What you have to do: Starting at the line that contains "Paperage Lined Journal", write out each line exactly through the last one in the material below, and nothing more; omit all pictures.

Collected data:
Content starts

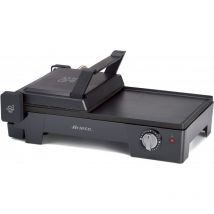 Ariete - 1916 - Noir - Dessus de table - Grille + plaque de cuisson - 600 x 250 mm - 3 zone(s) - 6 pieds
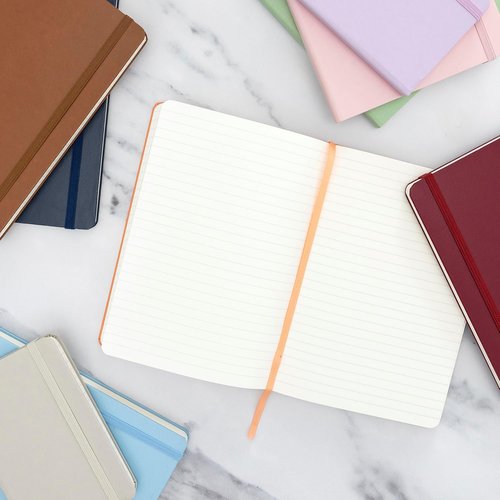 Paperage Lined Journal Notebook - Marigold, 160 Pages, Medium 5.6" x 8" - Durable Hardcover for Work & School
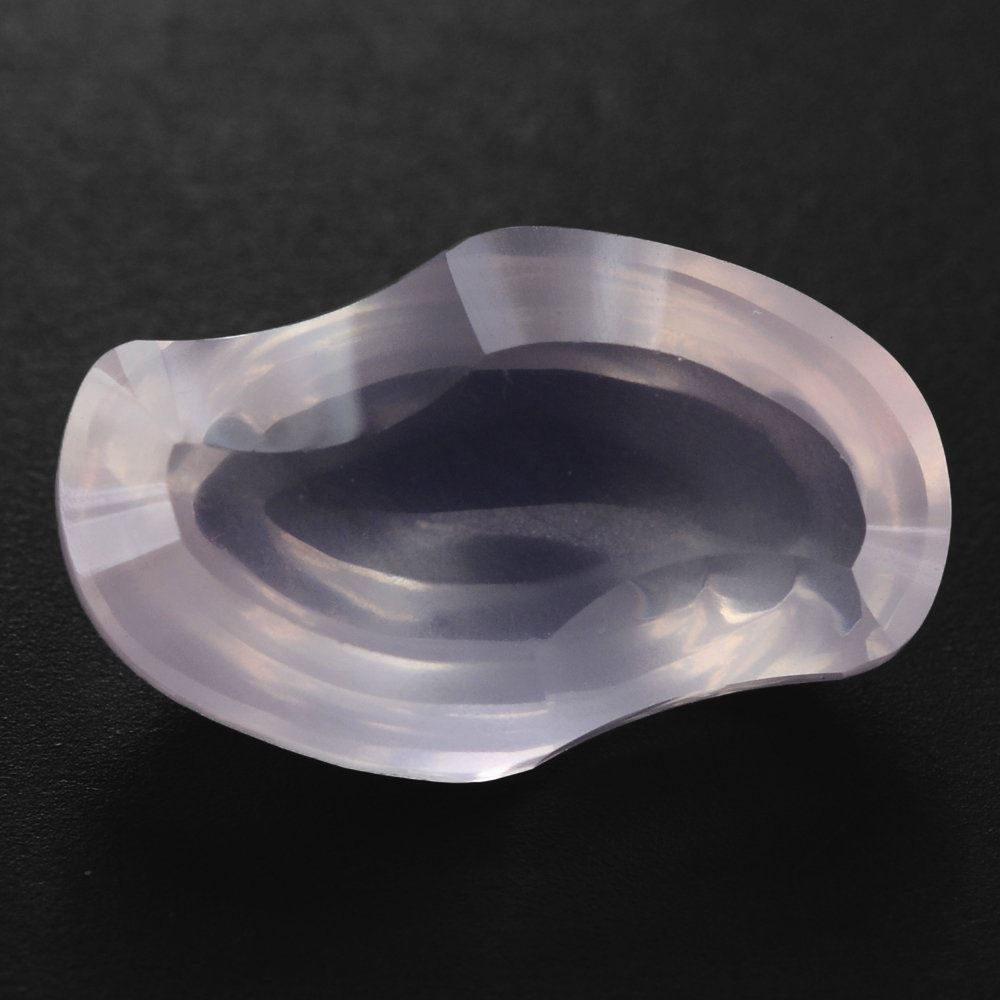 ROSE QUARTZ SWIRL CUT LEAF (DES#94) 16X10MM 5.72 Cts.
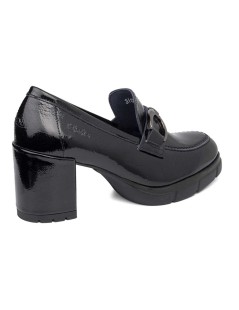 Callaghan PANDORA Mocassino Tacco Medio Vaschetta con Catena Nero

Content ends

Your solution:
 Paperage Lined Journal Notebook - Marigold, 160 Pages, Medium 5.6" x 8" - Durable Hardcover for Work & School
 ROSE QUARTZ SWIRL CUT LEAF (DES#94) 16X10MM 5.72 Cts.
 Callaghan PANDORA Mocassino Tacco Medio Vaschetta con Catena Nero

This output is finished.